Health experts recommend “the magic pill” to reduce stress. No—this pill is not taken by mouth! It is physical exercise for 30 minutes per day to increase oxygen levels, lift mood, and gain a more positive perspective.

As for me, I recommend stretching to relieve stressing.

From all of the research that I have studied on stretching, I know that stretching opens up tight muscle tissue and allows pathways for blood and oxygen to flow through our bodies more efficiently.  

And oxygen is energy! When we stretch, we bring new life to our bodies. I truly believe it does reduce stress because I have experienced it myself.

When we feel better in our body, we feel better about daily life, our spirit is lifted, and then BAM—stress relief!

Give these 3 easy stress-relief stretches a try!

 
TPTP Catalog Counter Upper Body and Spine Lengthener Stretch 3.jpg

STRETCH 1:

Kitchen/Bathroom Sink Elongator Stretch

1. Hold onto your kitchen or bathroom sink or your deck railing.

2. Walk arms-length away, then drop your upper body forward, with your head in between your elbows.

3. Pull your body away as you continue to hold onto your sink or railing.

This stretch elongates your spine and hamstrings, opens your upper body, and offers low back relief!

 
TPTP Catalog Wall Hamstring and Pelvis Stretch.jpg

STRETCH 2:

Wall Hamstring Stretch

1. Elevate your feet either with your legs straight up the wall or just propped over a chair or sofa.

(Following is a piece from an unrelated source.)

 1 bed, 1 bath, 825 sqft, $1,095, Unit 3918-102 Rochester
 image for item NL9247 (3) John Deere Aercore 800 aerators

Remain here for as long as you are comfortable!

2. Make sure your bottom is as close to the wall or chair/sofa as possible to ensure the deepest stretch. 

This is great for low back and pelvis relief and sends great circulation to your feet and lower legs.

 
TPTP Catalog Bolster Chest  Opener.jpg

STRETCH 3:

“Bolster” Chest Opener Stretch

If you don’t have a bolster at home, you can make one using materials you already own!

Roll up a beach towel or blanket to create a “bolster” that is 3 feet long and 3 inches thick.  

1. Lying on the floor, place this roll at the base of your spine, with the roll running the length of your spine. Lay back on this roll, with your head supported on the roll and your bottom on the floor. 

2. Let your shoulders relax toward the floor, while letting your chest cavity open and your rib cage lift. Take deep breaths, in and out, while in this position.

This will take stress from the mid-back and open up the heart, lungs, and vital organs in our belly so they have more room to work efficiently.

 

While these may be unprecedented times, try to relax, rejuvenate, reconnect and remember to take some deep breaths if you start to feel stressed. 

Take good care, stay well, and keep your spirits high!